Zusammenschluss der Kirchenchöre. Gemeinsamer Auftritt am 16. Januar

„Musik verbindet“

Berthold Staubermann, Gisela Schleinhege und Pastor Siegfried Thesing (von links) hoffen auf ein reibungsloses Zusammenwachsen der beiden Kirchenchöre Havixbeck und Hohenholte.

Havixbeck/Hohenholte. Es deutete sich schon seit einiger Zeit an.

Nach Gesprächen, die bereits seit September 2010 geführt wurden, haben die Vorstände der beiden Kirchenchöre St. Dionysius Havixbeck und St. Georg Hohenholte nunmehr einstimmig beschlossen, künftig als ein gemeinsamer Chor aufzutreten. Bei der gemeinsamen Generalversammlung am 24. Mai soll der Zusammenschluss offiziell besiegelt werden.

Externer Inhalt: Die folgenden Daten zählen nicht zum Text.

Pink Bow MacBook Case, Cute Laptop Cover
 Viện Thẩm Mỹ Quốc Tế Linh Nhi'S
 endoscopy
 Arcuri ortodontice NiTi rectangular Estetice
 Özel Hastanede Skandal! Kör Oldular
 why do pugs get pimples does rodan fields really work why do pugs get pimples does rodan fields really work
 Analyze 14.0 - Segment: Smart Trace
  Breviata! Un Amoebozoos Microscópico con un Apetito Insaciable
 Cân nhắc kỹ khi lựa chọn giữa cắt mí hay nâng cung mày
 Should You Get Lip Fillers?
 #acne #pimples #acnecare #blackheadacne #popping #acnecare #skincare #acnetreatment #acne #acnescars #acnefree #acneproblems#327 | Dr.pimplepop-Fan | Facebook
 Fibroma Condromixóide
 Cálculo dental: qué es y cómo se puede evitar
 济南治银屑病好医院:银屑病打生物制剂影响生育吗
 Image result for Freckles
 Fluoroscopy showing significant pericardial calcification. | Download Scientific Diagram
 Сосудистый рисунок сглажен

Erster offizieller gemeinsamer Auftritt unter der Leitung des Musikpädagogen Peter Winkens, der bisher schon den St. Georg-Kirchenchor dirigierte, ist der Rundfunkgottesdienst am Sonntag, 16. Januar, um 10 Uhr in der Pfarrkirche St. Dionysius.

Ein weiteres Ereignis wird der Festgottesdienst am 6. Februar aus Anlass des Goldenen Priesterjubiläums von Propst em. Robert Holtstiege sein.

Wie Gisela Schleinhege, Vorsitzende des Havixbecker Kirchenchores, und Berthold Staubermann als Vertreter des Hohenholter Chores betonen, sei dieser Zusammenschluss aus freien Stücken erfolgt, zumal beide Chöre nicht mehr über das Stimmenpotenzial verfügten, um die Auftritte bei den Hochfesten der Kirche in der gewünschten Weise zu gestalten. Das insgesamt vorhandene Stimmenvolumen soll nun besser ausgeschöpft werden.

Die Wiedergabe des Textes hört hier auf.